[EXERCISE BRIEF]
For this exercise, copy the data exactly and omit any images.

[MATERIAL PROVIDED]
- Opening Delimiter -

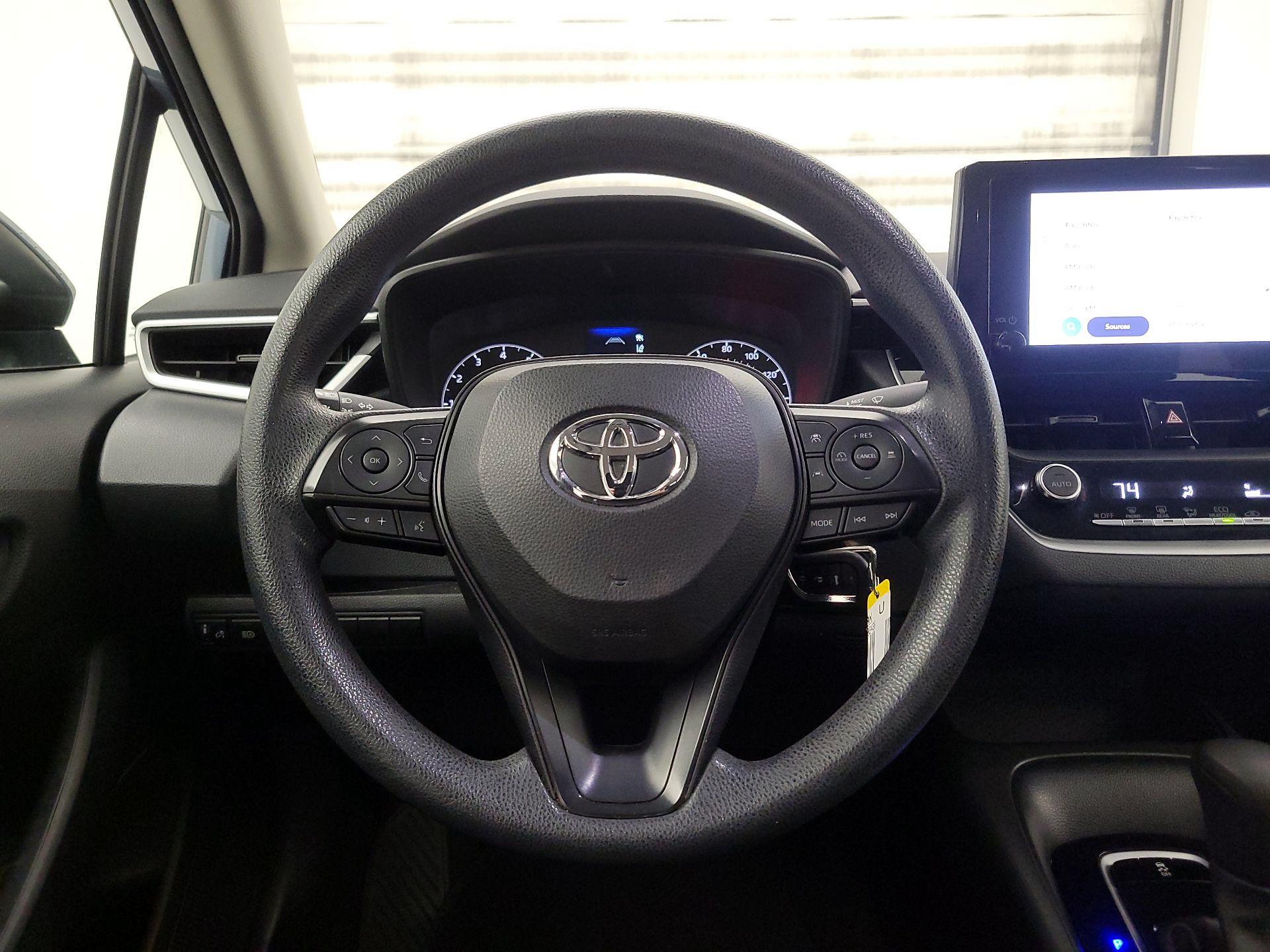 Thumbnail: 2023 Toyota Corolla - 10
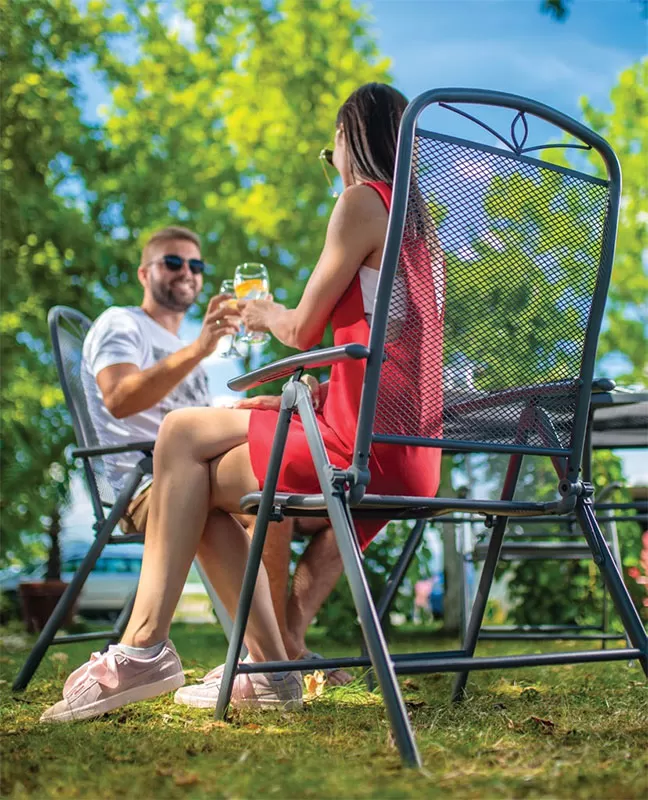 PODESIVE BAŠTENSKE STOLICE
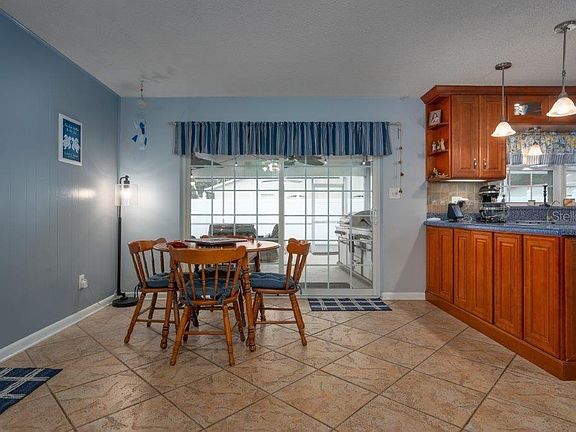 5th image of 2232 Harn Blvd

- Closing Delimiter -

[EXERCISE RESULT]
 Thumbnail: 2023 Toyota Corolla - 10
 PODESIVE BAŠTENSKE STOLICE
 5th image of 2232 Harn Blvd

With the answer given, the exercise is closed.